A. I left oral argument in both of those cases feeling optimistic about same-sex marriage viewed through the lens of Justice Kennedy. It’s reading tea leaves, because he doesn’t have to say exactly what he’s going to do at oral argument. He was asking questions and playing with ideas. The most striking moment for me in the California case was in the oral argument, when he said, “What about the voices of the children?” and he was talking about adopted children of gay parents, and seemed to really be taking to heart their plight as kids whose parents can’t have the stability of marriage. That was an emotional moment. It was pretty much the emotional moment in oral argument. And if he cares about those kids, it’s really clear that he should rule in favor of legalizing gay marriage in California. That was my most hopeful moment about him.
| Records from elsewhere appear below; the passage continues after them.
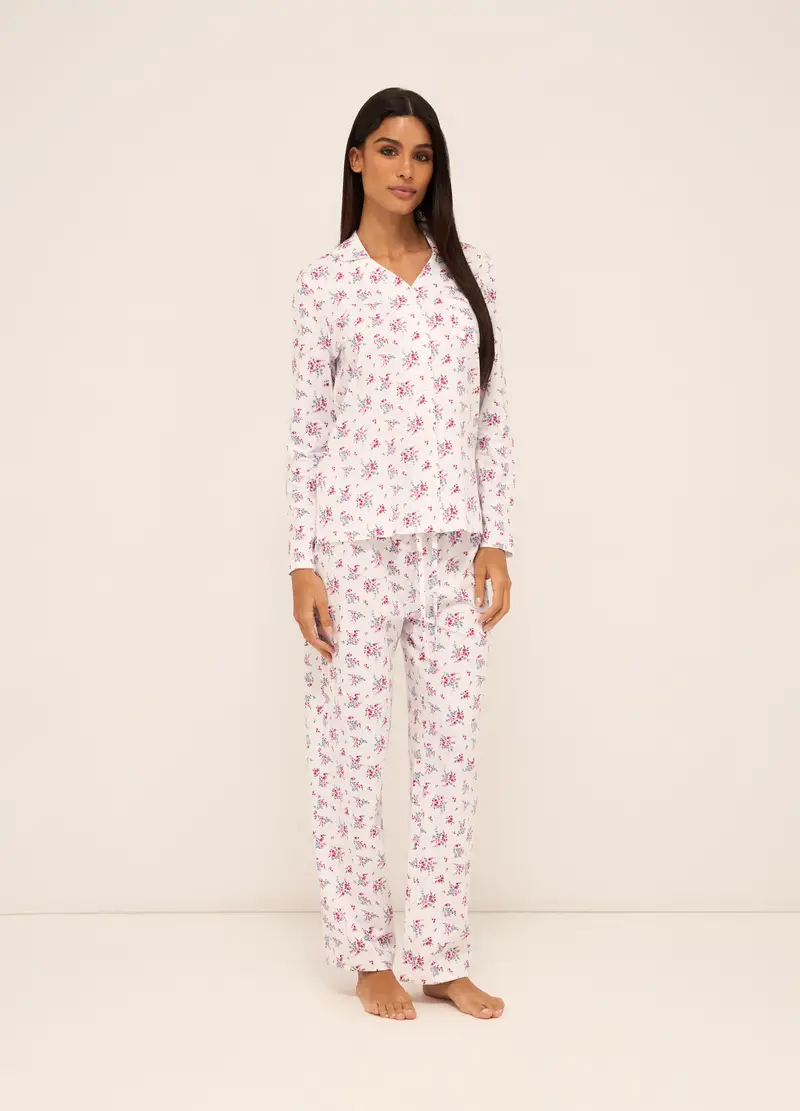 Set Pigiama In Puro Cotone Donna, Bianco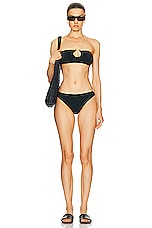 Bottega Veneta Strapless Bikini Set in Black, view 4, click to view large image.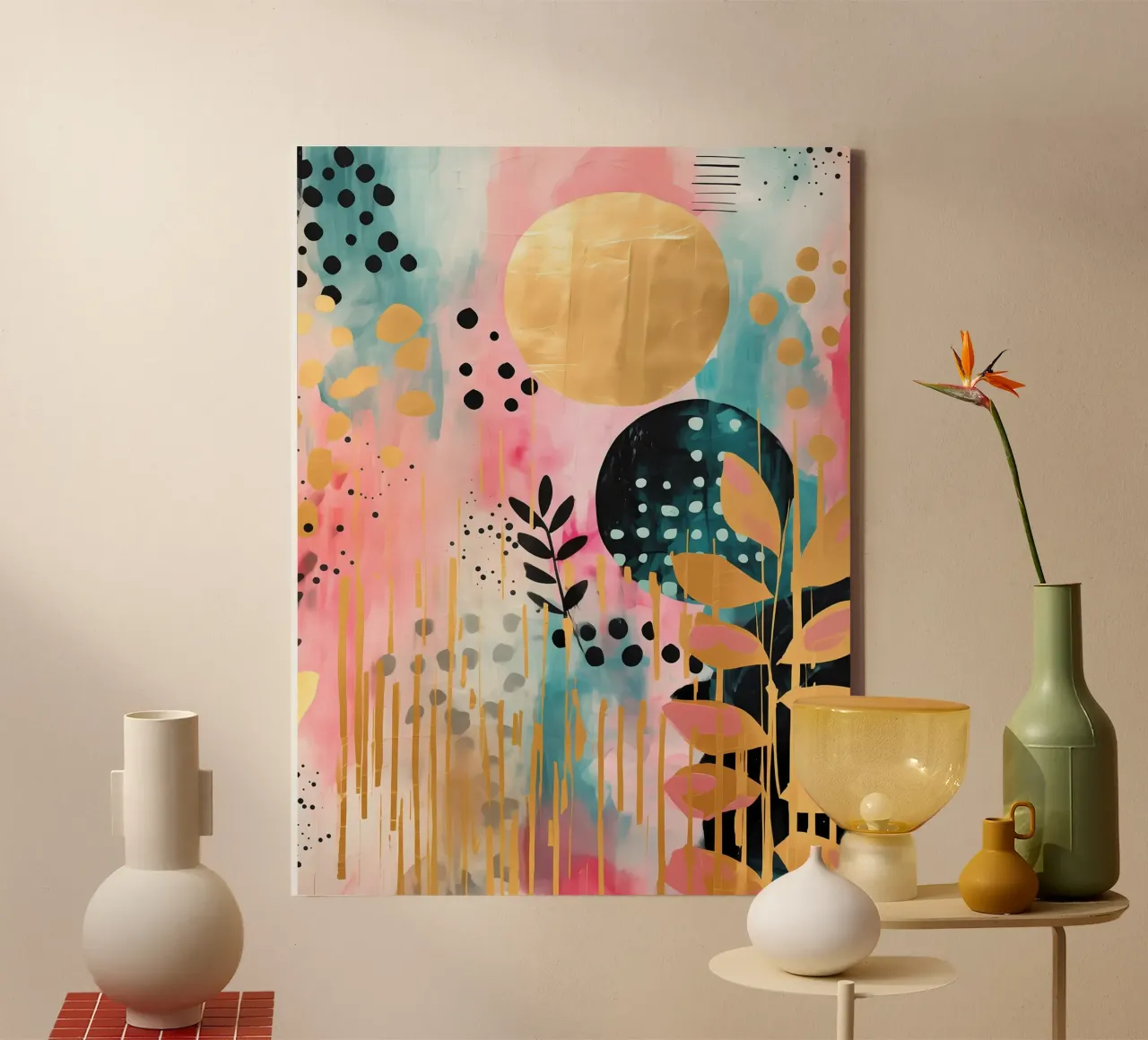 Boho abstract 15a canvas met Baklijst van Yaso Design Boho & Botanic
Q. Let’s also talk about another controversial ongoing case. Do you think that if the court does overturn race-based affirmative action in part in Fisher v. Texas, universities will still be able to make the case for socioeconomic affirmative action?
A. Yes, I do. Absolutely. In fact, I think the case will be stronger, and the rosy outcome of Fisher striking down racial preferences — I’m not sure that’s going to happen in a broad way, and I’m also not in favor of that outcome — would be more socioeconomic diversity on campuses. David Leonhardt ’94 has been writing about this for The New York Times, and colleges and universities would have to really change how they do admissions because it’s not enough to take into account income. They would have to take into account family wealth and neighborhood in order to get any racial diversity out of the socioeconomic diversity. Otherwise, there are just too many white people: poorer white applicants will just be admitted at a higher rate, and they will kind of swamp the number of African-American and Latino applicants. However, if you came up with a formula that also took into account wealth and neighborhood, you could still include more poor African-American and Latino applicants. It would be hard for me to imagine the court striking that down. I think that could be a good outcome. I’ve been really surprised to learn how little colleges and universities do to recruit and admit low-income students, and it certainly is a contributor to inequality in our society. So I think that could actually be a good thing. It will cost the universities money because financial aid will have to rise, and I don’t think it’s easy — wave a magic wand, accomplished — but when you look at how few poor students are going to selective universities, it’s really upsetting.
Q. Linda Greenhouse is also a lecturer at the Law School, and you two are united by your combination of law and writing. What are your thoughts on the impact writing can have on public opinion about law and legal cases?
A. The argument I make to my students is that they are going to come out of school and out of their professional work with very specialized knowledge, and if they can figure out how to translate it so that people out in the world who are not lawyers can understand it, they can have a real impact on the issues that they care about. I think that a lot of the challenge is simply an act of explanation and translation out of a specialized world into the world in which people are not taking “Constitutional Law,” but care about the fundamental principles that are at stake. So the challenge is to always have it be clear what those principles are. What is the actual fundamental tenet of law that people should care about? And sometimes it’s hard, because law can get technical very quickly. But that’s the challenge I have for myself as a writer — and I try to impart that to my students.